Dass er am Ende bei Keira gestrandet war, lag an seinem unersättlichen Durst. Immer wieder war er zur Bar gegangen – oder hatte sich vielmehr durch das Mädchenmeer zu ihr hindurchgekämpft. Immer saß dort diese eine Frau, die scheinbar von der gesamten Veranstaltung total unbeeindruckt war.

Beim fünften oder sechsten Besuch hatte er sie angesprochen.

Beim achten hatten sie sich auf einen Tanz geeinigt.

Beim neunten hatte er sie auch endlich nach ihrem Namen gefragt, und es stellte sich heraus, dass sie die Tochter eines Geschäftsfreundes seines Vaters war. Ein etwas entfernter, schon daran erkennbar, dass sie sich zuvor nie getroffen hatten, aber nichtsdestotrotz gemocht, weshalb seine Eltern mit seiner Wahl sogar umfassend zufrieden waren.

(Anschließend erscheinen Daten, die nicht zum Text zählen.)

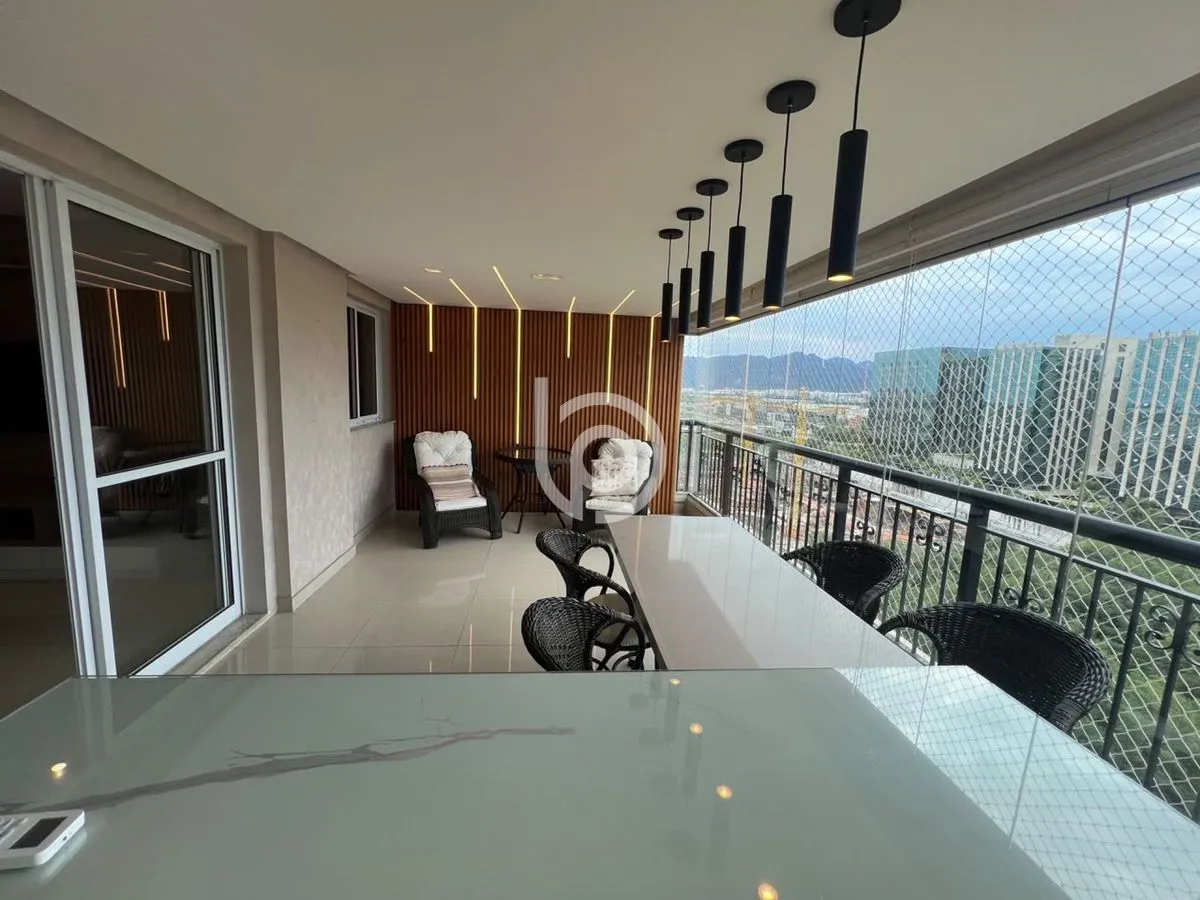 Balcony with a grill in a 4-bedroom apartment, 170 m² — photo 27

Gefragt, ob sie ihn heiraten wolle, hatte er sie noch am gleichen Abend. Greg fand nicht, dass sie die Dinge noch weiter in die Länge ziehen sollten. Die obligatorischen Dates würden allesamt hervorragend verlaufen, weil sie es so wollten – am Ende lief es immer darauf hinaus, was man selbst geschehen lassen wollte. Dass sie sich unterhalten konnten, hatten sie bereits an der Bar geklärt, wenn der Sex so war, wie die Art, in der sie miteinander tanzten, wäre auch an dieser Stelle alles perfekt, also warum nicht gleich zum Wesentlichen kommen?

Ob sie verblüfft war oder nicht ließ Keira sich nicht anmerken. Am Ende zählte eben nur, dass sie ohne große Probleme ans Ziel gelangt war.

Ja, Greg war auch ganz aufgeregt gewesen.

… Nicht.

Er verbuchte es unter ›erledigt‹ und dachte, nun würde sein Leben weiterhin in den von ihm geordneten Bahnen verlaufen. Bloß eben ohne seinen Vater.

Nur drei Tage später ging ihm auf, dass er einem riesigen Irrtum aufgesessen war, dabei war er sonst weder langsam noch dumm. Denn zu einer Verlobung gehörten Ringe, Zukunftspläne, Arrangements, Eheverträge und – vor allem – eine Braut. Keira machte sich zum ersten Mal am dritten Tag nach Verkündigung der Verlobung durch einen Anruf bemerkbar. Letzterer verlief recht unspektakulär, weshalb Greg noch immer nicht einmal annähernd argwöhnte, was genau auf ihn zukam. Auch das von ihr anberaumte Treffen beschied er nach kurzer Überlegung wohl als zwangsläufig. Und so war er in das Grauen eher sanft hineingezogen worden, ohne die Spur einer Ahnung, dass nichts mehr so war, wie es seiner bescheidenen Ansicht nach zu sein hatte. Das war der Zeitpunkt, an dem er seine Vorliebe für Scotch entdeckt hatte …

* * *

Das Schrillen des Telefons riss Greg aus seiner Trance. Keine Sekunde zu früh – auf seinem Rücken hatte sich bereits diese widerliche Gänsehaut breitgemacht, die ihn immer heimsuchte, wenn er über seine Verlobte nachdachte.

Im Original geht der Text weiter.